Short descriptive text snippets:
§ §
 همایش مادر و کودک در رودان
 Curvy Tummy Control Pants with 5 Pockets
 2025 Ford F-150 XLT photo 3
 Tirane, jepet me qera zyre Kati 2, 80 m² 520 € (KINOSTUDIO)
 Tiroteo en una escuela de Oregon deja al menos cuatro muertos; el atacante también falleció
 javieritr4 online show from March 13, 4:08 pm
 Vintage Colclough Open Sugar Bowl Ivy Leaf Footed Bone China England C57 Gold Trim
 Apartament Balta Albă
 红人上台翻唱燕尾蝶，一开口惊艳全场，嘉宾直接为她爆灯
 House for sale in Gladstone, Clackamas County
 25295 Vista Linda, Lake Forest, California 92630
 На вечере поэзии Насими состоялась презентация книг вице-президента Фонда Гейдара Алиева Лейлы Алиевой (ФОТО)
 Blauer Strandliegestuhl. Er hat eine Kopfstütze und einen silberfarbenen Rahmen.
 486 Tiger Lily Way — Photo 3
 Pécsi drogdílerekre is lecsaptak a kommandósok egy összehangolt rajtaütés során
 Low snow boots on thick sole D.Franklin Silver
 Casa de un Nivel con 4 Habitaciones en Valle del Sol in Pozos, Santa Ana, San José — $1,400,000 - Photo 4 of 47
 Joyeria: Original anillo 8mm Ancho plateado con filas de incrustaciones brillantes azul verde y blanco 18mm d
§ §
What is expected:
Word for word, restate the lines of the data above that fall between the line holding "2025 Ford F-150 XLT photo 3" and the line holding "Low snow boots", inclusive, and no other lines.

Answer space:
 2025 Ford F-150 XLT photo 3
 Tirane, jepet me qera zyre Kati 2, 80 m² 520 € (KINOSTUDIO)
 Tiroteo en una escuela de Oregon deja al menos cuatro muertos; el atacante también falleció
 javieritr4 online show from March 13, 4:08 pm
 Vintage Colclough Open Sugar Bowl Ivy Leaf Footed Bone China England C57 Gold Trim
 Apartament Balta Albă
 红人上台翻唱燕尾蝶，一开口惊艳全场，嘉宾直接为她爆灯
 House for sale in Gladstone, Clackamas County
 25295 Vista Linda, Lake Forest, California 92630
 На вечере поэзии Насими состоялась презентация книг вице-президента Фонда Гейдара Алиева Лейлы Алиевой (ФОТО)
 Blauer Strandliegestuhl. Er hat eine Kopfstütze und einen silberfarbenen Rahmen.
 486 Tiger Lily Way — Photo 3
 Pécsi drogdílerekre is lecsaptak a kommandósok egy összehangolt rajtaütés során
 Low snow boots on thick sole D.Franklin Silver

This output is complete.